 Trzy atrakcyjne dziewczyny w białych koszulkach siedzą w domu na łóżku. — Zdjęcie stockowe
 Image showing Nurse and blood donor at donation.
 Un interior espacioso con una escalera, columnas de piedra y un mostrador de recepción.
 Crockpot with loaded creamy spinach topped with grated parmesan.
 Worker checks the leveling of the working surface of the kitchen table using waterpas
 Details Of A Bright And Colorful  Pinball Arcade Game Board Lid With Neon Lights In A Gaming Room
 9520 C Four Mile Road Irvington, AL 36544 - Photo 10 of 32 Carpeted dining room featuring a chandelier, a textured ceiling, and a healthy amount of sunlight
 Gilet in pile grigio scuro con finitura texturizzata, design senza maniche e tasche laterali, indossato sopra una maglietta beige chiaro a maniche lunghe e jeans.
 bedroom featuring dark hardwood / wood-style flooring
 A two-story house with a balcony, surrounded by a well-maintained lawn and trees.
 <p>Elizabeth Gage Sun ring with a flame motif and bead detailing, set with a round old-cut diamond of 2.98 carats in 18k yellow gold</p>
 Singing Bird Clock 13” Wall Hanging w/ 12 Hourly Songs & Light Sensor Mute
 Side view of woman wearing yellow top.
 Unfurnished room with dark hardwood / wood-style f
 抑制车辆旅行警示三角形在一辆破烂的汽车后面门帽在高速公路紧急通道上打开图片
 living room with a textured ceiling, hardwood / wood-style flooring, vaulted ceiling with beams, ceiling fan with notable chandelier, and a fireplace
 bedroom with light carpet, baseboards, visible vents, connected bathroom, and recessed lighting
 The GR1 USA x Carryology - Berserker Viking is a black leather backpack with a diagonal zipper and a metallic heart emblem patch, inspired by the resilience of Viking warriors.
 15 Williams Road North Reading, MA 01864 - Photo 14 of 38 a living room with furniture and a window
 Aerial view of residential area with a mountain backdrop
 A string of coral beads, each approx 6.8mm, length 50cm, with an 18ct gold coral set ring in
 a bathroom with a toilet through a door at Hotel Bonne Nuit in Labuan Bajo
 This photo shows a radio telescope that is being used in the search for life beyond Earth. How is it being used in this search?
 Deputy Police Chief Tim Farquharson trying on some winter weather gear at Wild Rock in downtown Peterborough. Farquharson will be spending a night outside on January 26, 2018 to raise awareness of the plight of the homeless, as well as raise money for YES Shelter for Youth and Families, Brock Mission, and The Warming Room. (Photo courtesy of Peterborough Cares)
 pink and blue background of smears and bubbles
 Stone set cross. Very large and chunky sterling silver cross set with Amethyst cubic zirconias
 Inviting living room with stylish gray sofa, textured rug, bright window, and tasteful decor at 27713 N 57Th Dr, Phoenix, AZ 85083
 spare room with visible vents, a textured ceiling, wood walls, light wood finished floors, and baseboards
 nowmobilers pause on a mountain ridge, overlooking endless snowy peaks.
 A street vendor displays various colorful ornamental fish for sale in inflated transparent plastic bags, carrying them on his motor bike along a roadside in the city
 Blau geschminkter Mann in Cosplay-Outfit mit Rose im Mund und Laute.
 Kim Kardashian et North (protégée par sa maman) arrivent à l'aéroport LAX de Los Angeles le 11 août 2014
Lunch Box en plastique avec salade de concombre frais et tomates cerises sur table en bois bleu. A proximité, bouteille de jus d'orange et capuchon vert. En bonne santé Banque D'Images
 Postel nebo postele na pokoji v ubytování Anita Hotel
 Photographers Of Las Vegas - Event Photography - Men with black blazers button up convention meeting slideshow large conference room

════

EXERCISE REQUIREMENTS
The exact lines of the material above starting at the one that contains "Details Of A" and ending at the one that contains "pink and blue" are what to retype; leave out everything else.

ANSWER AREA
 Details Of A Bright And Colorful  Pinball Arcade Game Board Lid With Neon Lights In A Gaming Room
 9520 C Four Mile Road Irvington, AL 36544 - Photo 10 of 32 Carpeted dining room featuring a chandelier, a textured ceiling, and a healthy amount of sunlight
 Gilet in pile grigio scuro con finitura texturizzata, design senza maniche e tasche laterali, indossato sopra una maglietta beige chiaro a maniche lunghe e jeans.
 bedroom featuring dark hardwood / wood-style flooring
 A two-story house with a balcony, surrounded by a well-maintained lawn and trees.
 <p>Elizabeth Gage Sun ring with a flame motif and bead detailing, set with a round old-cut diamond of 2.98 carats in 18k yellow gold</p>
 Singing Bird Clock 13” Wall Hanging w/ 12 Hourly Songs & Light Sensor Mute
 Side view of woman wearing yellow top.
 Unfurnished room with dark hardwood / wood-style f
 抑制车辆旅行警示三角形在一辆破烂的汽车后面门帽在高速公路紧急通道上打开图片
 living room with a textured ceiling, hardwood / wood-style flooring, vaulted ceiling with beams, ceiling fan with notable chandelier, and a fireplace
 bedroom with light carpet, baseboards, visible vents, connected bathroom, and recessed lighting
 The GR1 USA x Carryology - Berserker Viking is a black leather backpack with a diagonal zipper and a metallic heart emblem patch, inspired by the resilience of Viking warriors.
 15 Williams Road North Reading, MA 01864 - Photo 14 of 38 a living room with furniture and a window
 Aerial view of residential area with a mountain backdrop
 A string of coral beads, each approx 6.8mm, length 50cm, with an 18ct gold coral set ring in
 a bathroom with a toilet through a door at Hotel Bonne Nuit in Labuan Bajo
 This photo shows a radio telescope that is being used in the search for life beyond Earth. How is it being used in this search?
 Deputy Police Chief Tim Farquharson trying on some winter weather gear at Wild Rock in downtown Peterborough. Farquharson will be spending a night outside on January 26, 2018 to raise awareness of the plight of the homeless, as well as raise money for YES Shelter for Youth and Families, Brock Mission, and The Warming Room. (Photo courtesy of Peterborough Cares)
 pink and blue background of smears and bubbles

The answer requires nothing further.